About Me
Data Analyst skilled in SQL, Power BI, Excel, and Python experienced in building dashboards and performing trend analysis on 100K+ datasets to support business decisions.
Experience
Data Analyst
Collaborated with Sports Authority of India(SAI) and 10+ sports federations to collect, validate, and manage athlete participation, tournament, and medal data for audit and compliance reporting. Cleaned and transformed 50,000+ sports records using Excel and SQL, improving data accuracy by 30% and reducing reporting errors during SAI audits. Built interactive dashboards and MIS reports to monitor athlete participation, medal trends, and federation performance, enabling stakeholders to generate insights and reduce manual effort by 40%.
Data Analytics Intern
Analyzed health and fitness data by developing SQL queries to generate over 30 metrics across 4 different environments, using advanced techniques such as window functions and date functions on Metabase.

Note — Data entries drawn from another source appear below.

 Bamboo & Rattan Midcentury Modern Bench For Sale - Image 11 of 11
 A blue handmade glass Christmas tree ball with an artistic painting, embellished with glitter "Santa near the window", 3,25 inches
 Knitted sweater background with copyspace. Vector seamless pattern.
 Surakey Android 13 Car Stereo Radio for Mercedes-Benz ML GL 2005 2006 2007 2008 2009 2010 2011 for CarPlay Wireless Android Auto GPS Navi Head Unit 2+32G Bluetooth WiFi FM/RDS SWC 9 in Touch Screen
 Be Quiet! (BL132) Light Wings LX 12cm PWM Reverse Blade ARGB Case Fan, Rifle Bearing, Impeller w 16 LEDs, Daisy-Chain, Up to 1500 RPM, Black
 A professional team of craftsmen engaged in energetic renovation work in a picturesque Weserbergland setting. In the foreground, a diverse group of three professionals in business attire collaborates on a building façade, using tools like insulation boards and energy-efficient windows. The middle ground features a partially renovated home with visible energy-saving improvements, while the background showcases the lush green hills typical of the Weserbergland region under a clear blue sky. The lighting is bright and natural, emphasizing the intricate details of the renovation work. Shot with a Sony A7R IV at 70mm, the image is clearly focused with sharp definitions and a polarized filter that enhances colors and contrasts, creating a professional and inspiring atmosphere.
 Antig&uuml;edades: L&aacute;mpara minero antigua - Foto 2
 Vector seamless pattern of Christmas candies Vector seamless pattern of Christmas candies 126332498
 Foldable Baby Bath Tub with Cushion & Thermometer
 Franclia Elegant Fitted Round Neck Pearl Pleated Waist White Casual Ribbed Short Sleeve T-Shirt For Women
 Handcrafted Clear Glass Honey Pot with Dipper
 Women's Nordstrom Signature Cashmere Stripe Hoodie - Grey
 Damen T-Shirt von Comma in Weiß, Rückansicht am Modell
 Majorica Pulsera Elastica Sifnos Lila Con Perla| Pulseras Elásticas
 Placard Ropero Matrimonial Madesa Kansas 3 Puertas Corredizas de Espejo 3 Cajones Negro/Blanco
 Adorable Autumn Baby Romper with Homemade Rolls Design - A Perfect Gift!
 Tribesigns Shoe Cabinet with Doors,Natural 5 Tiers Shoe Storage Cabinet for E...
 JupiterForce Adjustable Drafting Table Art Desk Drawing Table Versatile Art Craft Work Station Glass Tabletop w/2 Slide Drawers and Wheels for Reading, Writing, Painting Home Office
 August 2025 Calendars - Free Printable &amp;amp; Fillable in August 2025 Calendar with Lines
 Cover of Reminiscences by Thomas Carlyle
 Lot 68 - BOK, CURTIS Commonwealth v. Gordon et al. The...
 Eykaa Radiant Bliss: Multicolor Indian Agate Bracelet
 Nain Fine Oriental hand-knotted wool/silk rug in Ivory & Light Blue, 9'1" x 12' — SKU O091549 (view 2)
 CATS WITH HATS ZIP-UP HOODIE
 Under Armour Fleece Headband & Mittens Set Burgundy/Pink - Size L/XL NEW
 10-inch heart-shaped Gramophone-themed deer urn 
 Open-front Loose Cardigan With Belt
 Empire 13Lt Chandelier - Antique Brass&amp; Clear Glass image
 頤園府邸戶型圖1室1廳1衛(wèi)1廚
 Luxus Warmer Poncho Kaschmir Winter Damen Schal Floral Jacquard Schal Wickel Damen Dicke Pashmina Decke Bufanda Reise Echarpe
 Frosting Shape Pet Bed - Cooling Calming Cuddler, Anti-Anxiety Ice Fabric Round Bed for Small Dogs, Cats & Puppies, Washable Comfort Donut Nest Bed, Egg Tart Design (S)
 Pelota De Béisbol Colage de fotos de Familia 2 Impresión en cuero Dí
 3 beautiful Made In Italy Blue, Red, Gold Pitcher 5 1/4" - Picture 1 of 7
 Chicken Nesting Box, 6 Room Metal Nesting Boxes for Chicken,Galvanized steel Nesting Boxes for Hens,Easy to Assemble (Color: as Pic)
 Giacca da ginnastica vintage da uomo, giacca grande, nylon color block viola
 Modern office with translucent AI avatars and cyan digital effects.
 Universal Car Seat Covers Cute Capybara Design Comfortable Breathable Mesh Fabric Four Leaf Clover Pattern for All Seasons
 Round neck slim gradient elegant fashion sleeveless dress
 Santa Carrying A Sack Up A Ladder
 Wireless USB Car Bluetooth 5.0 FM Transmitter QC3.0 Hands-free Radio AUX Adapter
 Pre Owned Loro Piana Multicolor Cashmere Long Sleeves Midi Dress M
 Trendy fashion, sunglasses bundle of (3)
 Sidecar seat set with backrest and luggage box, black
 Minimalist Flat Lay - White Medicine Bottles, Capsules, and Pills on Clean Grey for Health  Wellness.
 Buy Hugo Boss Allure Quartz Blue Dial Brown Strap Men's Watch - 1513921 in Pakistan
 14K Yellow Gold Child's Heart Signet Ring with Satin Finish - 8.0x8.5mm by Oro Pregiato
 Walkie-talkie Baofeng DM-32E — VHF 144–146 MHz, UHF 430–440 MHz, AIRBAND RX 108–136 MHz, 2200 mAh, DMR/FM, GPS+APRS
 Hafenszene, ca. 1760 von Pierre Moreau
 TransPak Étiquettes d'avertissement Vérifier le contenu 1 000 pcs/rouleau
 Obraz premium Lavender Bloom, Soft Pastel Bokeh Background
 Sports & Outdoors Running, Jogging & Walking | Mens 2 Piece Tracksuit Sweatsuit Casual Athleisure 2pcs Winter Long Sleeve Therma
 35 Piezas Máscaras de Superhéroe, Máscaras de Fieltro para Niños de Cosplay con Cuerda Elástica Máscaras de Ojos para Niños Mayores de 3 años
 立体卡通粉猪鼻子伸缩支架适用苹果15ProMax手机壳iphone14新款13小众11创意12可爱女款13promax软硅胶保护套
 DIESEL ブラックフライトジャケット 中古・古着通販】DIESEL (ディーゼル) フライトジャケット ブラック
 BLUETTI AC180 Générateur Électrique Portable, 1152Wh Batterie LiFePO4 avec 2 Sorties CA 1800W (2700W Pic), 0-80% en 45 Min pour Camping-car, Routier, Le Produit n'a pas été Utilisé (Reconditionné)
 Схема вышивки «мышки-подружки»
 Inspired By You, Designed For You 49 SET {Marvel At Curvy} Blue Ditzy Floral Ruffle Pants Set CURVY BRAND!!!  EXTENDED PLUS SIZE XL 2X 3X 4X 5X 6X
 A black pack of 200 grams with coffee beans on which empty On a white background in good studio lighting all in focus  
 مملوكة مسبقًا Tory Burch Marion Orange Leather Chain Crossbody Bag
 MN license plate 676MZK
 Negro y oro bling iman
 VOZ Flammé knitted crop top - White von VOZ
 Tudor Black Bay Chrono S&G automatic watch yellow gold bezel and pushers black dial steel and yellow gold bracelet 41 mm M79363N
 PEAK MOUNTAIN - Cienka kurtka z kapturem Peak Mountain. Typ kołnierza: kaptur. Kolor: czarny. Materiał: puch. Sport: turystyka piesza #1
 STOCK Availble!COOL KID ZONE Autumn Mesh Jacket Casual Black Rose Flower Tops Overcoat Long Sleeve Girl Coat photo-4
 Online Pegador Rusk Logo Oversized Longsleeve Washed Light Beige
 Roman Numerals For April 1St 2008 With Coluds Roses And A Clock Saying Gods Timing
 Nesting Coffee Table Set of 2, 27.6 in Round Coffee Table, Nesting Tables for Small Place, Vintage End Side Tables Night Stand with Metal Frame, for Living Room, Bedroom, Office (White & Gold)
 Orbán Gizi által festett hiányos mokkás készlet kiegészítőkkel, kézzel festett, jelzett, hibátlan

Created complex SQL queries to extract insights on users’ medical histories, subscription details, plan-wise metrics, and professional consultations by joining multiple tables. Worked on key performance indicators (KPIs) such as paid users, total users under each dietician and doctor, user weight, and city-wise user counts, driving actionable insights to improve business operations. Utilized Excel for data analysis and reporting, applying advanced formulas like SUMIFS, COUNTIFS, VLOOKUP, and pivot tables to enhance data accuracy and support decision-making processes. Improved reporting efficiency by automating key data processes and generating user-friendly dashboards to provide real-time metrics for various stakeholders.
PROJECTS
Zomato-Data-Analysis
The Zomato Data Analysis Project is a data-driven case study where restaurant and food delivery data is analyzed to generate meaningful business insights. The project involves loading and managing Zomato dataset tables and using SQL queries to explore customer behavior, restaurant performance, order patterns, ratings, and spending trends. Through data cleaning, filtering, joins, and aggregation techniques, raw data is transformed into useful insights that help understand how customers interact with restaurants and how different factors impact business performance. Overall, this project demonstrates strong SQL skills and the ability to solve real-world business problems using data analysis.